Any thoughts on this? If you have some experience or suggestions I'd really appreciate your feedback!

Thanks! :)

edit: btw I'm using Ogre::HardwareBuffer::HBU_DYNAMIC and Ogre::HardwareBuffer::HBL_DISCARD for both vertices and indices.

Re: Best way to implement hardwareBuffer vertices and indice

Posted: Sun Jan 25, 2015 5:03 pm
by Kojack
kuma wrote:I tried pushing all the vertices at once but I have two issues with this for large terrain (8192x8192).

- I run out of memory and my application is killed by the OS :?
- The max number of vertices is 256^2 , so you need to create a new hardware buffer for each segment, this is essentially a new render object, which for 8192x8192 means 32^2 which is really bad performance :!:
8192x8192 with position, normal and uv takes up 2GB of ram. That's a rather huge amount for a graphics card to handle in one buffer, when there's other stuff in there taking up space (front buffer, back buffer, textures, other meshes, etc).

You can cut down on memory usage by creative shader use. If you are in a higher shader model (4 or above) you can use SV_PrimitiveID to mathematically generate the x, z and uv values. The vertices only need a height and normal.
kuma wrote:The max number of vertices is 256^2
16bit index buffers are limited to 65536 (256^2) vertices. 32bit index buffers are limited to (theoretical) 4 billion vertices.
When you create the index buffer, give it HardwareIndexBuffer::IT_32BIT (first parameter of createIndexBuffer).
kuma wrote:I remove the hardwareBuffers that need to be changed and create new ones with the updated data
Allocations and deallocations generally have a performance hit. It would be better to keep a pool of buffers and just write over the top of them as needed, rather than making new ones.

Re: Best way to implement hardwareBuffer vertices and indice

Posted: Sun Jan 25, 2015 6:53 pm
by kuma
That's a great answer thanks !!!
I'll probably keep the segment sizes at 256x256 but just batch them differently using 32bit index buffers.
Yes having static buffers would be nice, at the moment I have my own manager to handle creation and removal which is a bit tricky..

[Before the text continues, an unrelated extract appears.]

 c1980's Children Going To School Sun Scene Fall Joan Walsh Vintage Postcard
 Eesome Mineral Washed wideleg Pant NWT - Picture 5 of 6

btw. Are 32bit index buffers common ? For example mobile say? Android .. :?:

Re: Best way to implement hardwareBuffer vertices and indice

Posted: Sun Jan 25, 2015 7:49 pm
by Kojack
kuma wrote:btw. Are 32bit index buffers common ? For example mobile say? Android .. :?:
Should be common on pc. Intel gpus from around 2007 seem to be limited to 16 bit, but those are pretty crap in general.
Apparently OpenGL ES doesn't support 32 bit indices. I don't know if ES 2.0 does. So mobile may not support it well, or at all.
(I don't do mobile dev, so not sure)

Re: Best way to implement hardwareBuffer vertices and indice

Posted: Sun Jan 25, 2015 9:15 pm
by dark_sylinc
Hi!

First, reality check. At 8192x8192 a lot of mobile devices will scream. Furthermore, if you're aiming for mobile, 32-bit indices weren't supported until GLES3, which also added instancing. Since a lot of devices are still GLES2, you're stuck with 65535 as max limit.

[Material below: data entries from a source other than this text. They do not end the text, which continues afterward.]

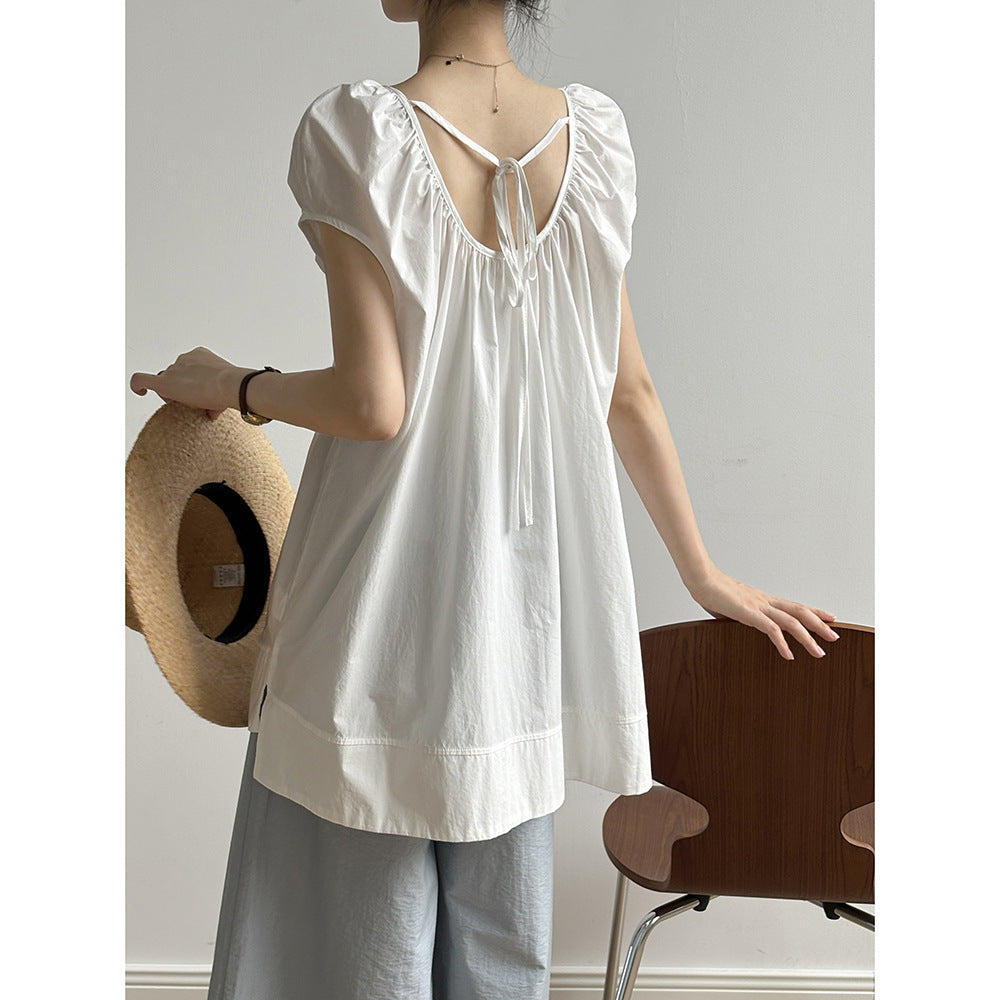 Solid Color Round Neck Backless Lace Up Doll Shirt Summer Loose Mid Length Top Women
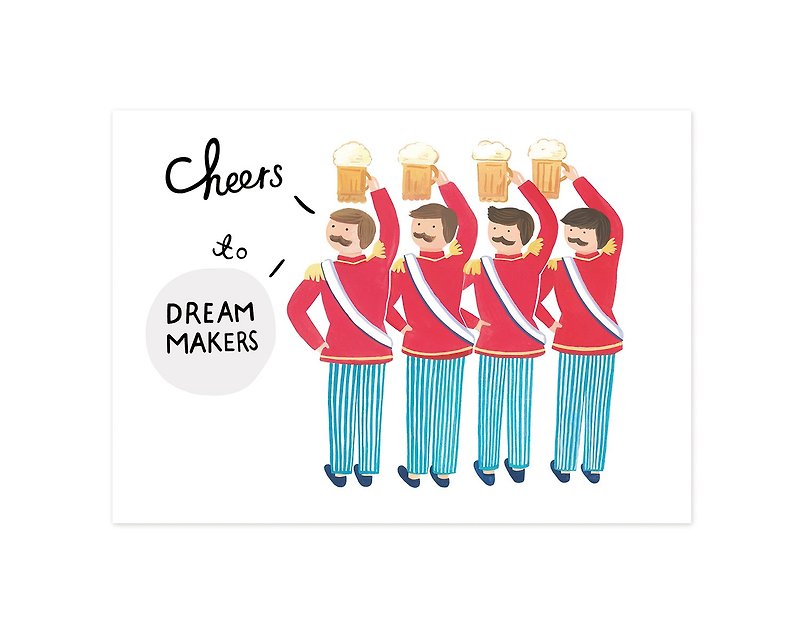 Dream toast illustration postcard / card - การ์ด/โปสการ์ด - กระดาษ สีแดง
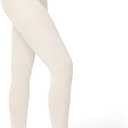 HUE Women's Opaque Tights with Control Top Sheer Rib Chevron Metallic Dotted Backseam Shimmer Diamond, Ivory - Sheer Rib, Medium-Large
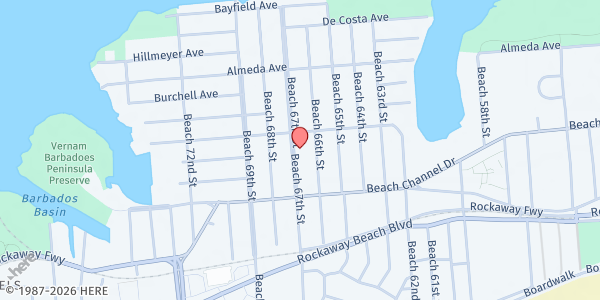 Map showing Battalion Pentecostal Assembly, Inc. at 4-54 Beach 67th Street, Arverne, NY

Second, if you're aiming at desktop (or GLES3?) you're looking at it the wrong way. Most or all of this computation should happen GPU side, not CPU.
For example, I've written terrain systems before that would create a 256x256 patch, create a VTF (Vertex Texture Fetch) to send the heightmaps to the GPU once at loading time.
Then render this patch multiple times (w/ an offset on each iteration), using vtf to read the heightmap at the given location. You can also use instancing to reduce the number of draw calls.

All lodding happens inside the shaders. If you're fortunate in your platform of choice, you can also use compute shaders.

The approach you want to do is how it used to be pre-2005 era; when GPUs were very limited in what they could do and a lot of data was being sent from the CPU every frame for the terrains.